How to complete this task: Under this line are the records; write out word for word the part that begins at the line containing "Cargo Doors Angle" and ends at the line containing "View to cupola", and no more.

Exercise input:
*-*-*
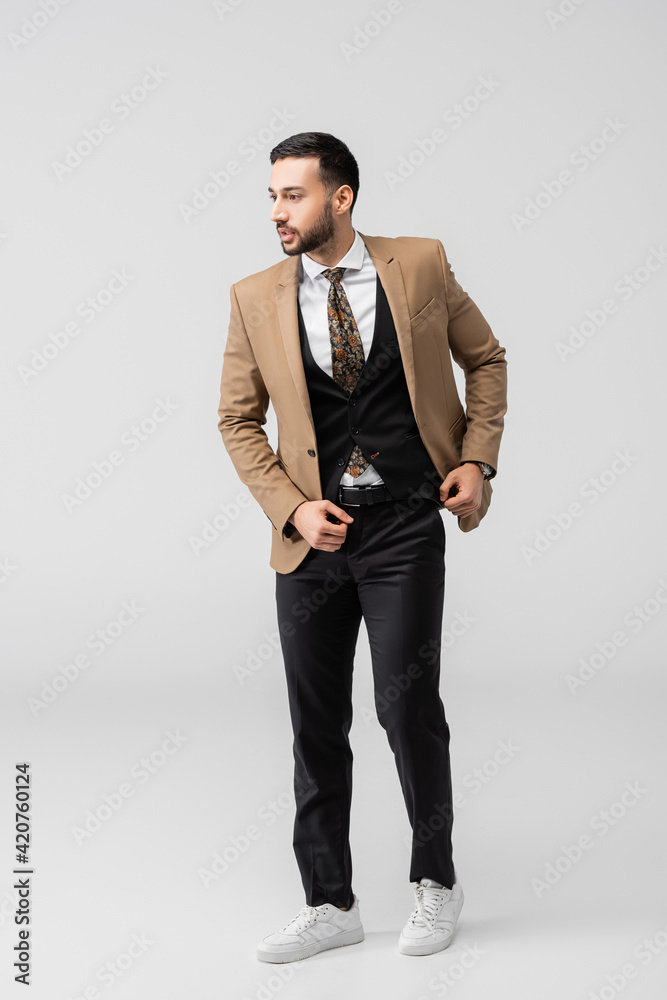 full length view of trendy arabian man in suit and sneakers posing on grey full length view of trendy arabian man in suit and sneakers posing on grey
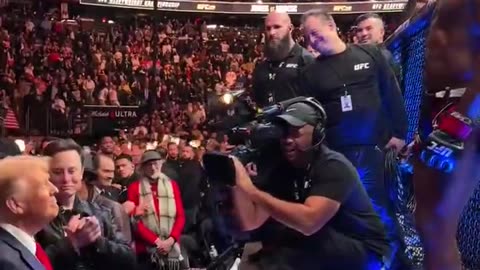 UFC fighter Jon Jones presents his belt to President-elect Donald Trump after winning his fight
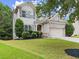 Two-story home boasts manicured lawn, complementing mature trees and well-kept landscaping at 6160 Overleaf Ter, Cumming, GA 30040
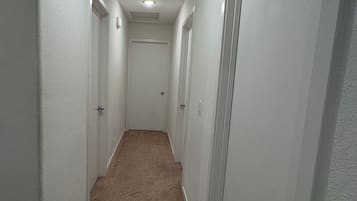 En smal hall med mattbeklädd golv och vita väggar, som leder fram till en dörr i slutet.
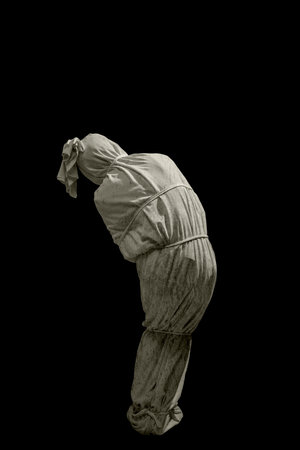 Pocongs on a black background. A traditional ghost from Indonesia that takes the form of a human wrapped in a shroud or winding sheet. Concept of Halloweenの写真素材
*-*-*
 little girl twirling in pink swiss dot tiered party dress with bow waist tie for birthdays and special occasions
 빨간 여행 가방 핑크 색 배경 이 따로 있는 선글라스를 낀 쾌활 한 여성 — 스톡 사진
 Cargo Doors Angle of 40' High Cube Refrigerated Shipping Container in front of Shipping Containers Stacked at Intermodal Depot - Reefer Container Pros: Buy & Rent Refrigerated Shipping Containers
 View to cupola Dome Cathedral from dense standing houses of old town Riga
*-*-*
Reply to the task:
 Cargo Doors Angle of 40' High Cube Refrigerated Shipping Container in front of Shipping Containers Stacked at Intermodal Depot - Reefer Container Pros: Buy & Rent Refrigerated Shipping Containers
 View to cupola Dome Cathedral from dense standing houses of old town Riga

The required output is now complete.